Rating: R, for language throughout

Running time:134 minutes

Clint Eastwood’s new film of the Broadway musical Jersey Boys delivers enough moments of wit and candor to nearly escape this sort of reductive criticism. It helps that the actual story of how the Four Seasons rose, young men trying to stay a step ahead of the law, to formidable hit makers is compelling and that it has a few turns that aren’t the stuff of rocker bio-pics.

The founder of the ensemble was a now mostly forgotten guitarist named Tommy DeVito (Vincent Piazza). DeVito, like every other young man of limited means in the Garden State during the 1950s, dreamed of getting out. Because the only sure ways of getting ahead at the time were through the Army or the mob, it’s easy to understand why Tommy, a capable if not exceptional ax man, would want an option that wouldn’t put him in a body bag.

When he and his pals aren’t committing petty crimes to get by, they’re trying different combinations of musicians to create a sound that could make them rich. After several false starts, he finds what he needs is a small man with a huge voice named Francesco Castelluccio (John Lloyd Young). Later known as Frankie Valli, he was effortlessly able to reach high notes that no one else with Y chromosomes could hit. In addition, he still maintained the same level of volume in that range and even managed to make some of that register sound oddly macho as well as sensitive.
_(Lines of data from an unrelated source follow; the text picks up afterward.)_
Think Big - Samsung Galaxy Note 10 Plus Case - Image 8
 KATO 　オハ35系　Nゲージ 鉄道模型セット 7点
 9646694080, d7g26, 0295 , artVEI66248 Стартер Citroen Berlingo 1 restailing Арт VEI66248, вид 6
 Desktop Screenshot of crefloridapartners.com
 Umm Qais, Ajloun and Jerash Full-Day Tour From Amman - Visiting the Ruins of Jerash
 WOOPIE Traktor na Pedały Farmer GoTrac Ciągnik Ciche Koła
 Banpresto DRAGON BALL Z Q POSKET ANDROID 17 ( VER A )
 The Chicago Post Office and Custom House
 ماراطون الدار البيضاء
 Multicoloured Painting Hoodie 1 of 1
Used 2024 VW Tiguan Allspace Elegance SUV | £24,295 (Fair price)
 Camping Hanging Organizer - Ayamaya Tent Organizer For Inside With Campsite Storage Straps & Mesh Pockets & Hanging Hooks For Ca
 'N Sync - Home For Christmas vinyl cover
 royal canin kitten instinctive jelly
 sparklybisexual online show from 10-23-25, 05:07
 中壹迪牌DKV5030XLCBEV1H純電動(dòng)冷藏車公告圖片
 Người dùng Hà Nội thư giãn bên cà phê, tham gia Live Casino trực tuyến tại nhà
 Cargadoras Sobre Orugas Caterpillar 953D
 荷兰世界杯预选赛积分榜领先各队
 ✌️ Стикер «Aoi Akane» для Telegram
Stumbling on the scene was a bassist named Nick Massi (Michael Lomenda), who could also sing bass. Lomenda’s friendship with future Oscar-winner Joe Pesci led to another discovery, keyboardist Bob Gaudio (Erich Bergen), who could also write tunes that maximized Valli’s unique vocal properties.

Director Eastwood and screenwriters Marshall Brickman (Annie Hall, Manhattan) and Rick Elice, who also happen to be the authors of the stage play, seem a little too constrained by the Behind the Music format. We learn what any regular listener to a Pink Floyd album already knows. Uh, fame sucks. It also might have helped if somebody like Martin Scorsese, who has a feel for the milieu, were behind the camera. The Jersey in Jersey Boys sometimes feels a little too much like a back lot.

Nonetheless, Eastwood does make several prudent decisions. Several of the cast come from the Broadway production, so they’re guaranteed to nail the roles. Young, in particular, wails Valli’s tunes and does the original vocalist proud. This is especially impressive because Eastwood had several vocal parts recorded on set.

Brickman and Elice’s script is loaded with juicy lines. One choice sequence is when prison guards greet perennial troublemaker DeVito as if he were a regular customer at a restaurant instead of a correctional facility.

The two also tweak the chronology and have the individual members of the group tell their own versions of the Four Seasons story directly to the camera. One almost wishes that Brickman and Elice had gone farther with this Rashomon approach because it would have given the story more credibility. Each of the guys in the band had different perspectives on their careers, and it would have been fun to imagine how each viewed the inevitable collapse.

There are some intriguing wrinkles in the Four Seasons story that keep it from fitting Leary’s caustic description. For example, Valli’s unique gifts behind a microphone moved a hardened made man (Christopher Walken) to tears and even led the veteran wise guy to protect Valli and company from other criminals. It might have also benefited the film if Valli’s awkward relationship with his daughter (Freya Tingley) could have been explored more fully. These scenes give the film a little more emotional weight than a musical revue usually has.

Nonetheless, it’s great to hear the Four Seasons’ uniquely ragged but not dissonant harmonies on a big-screen sound system. Still, one wishes that a production of Jersey Boys had some of the bile of Leary’s tirades.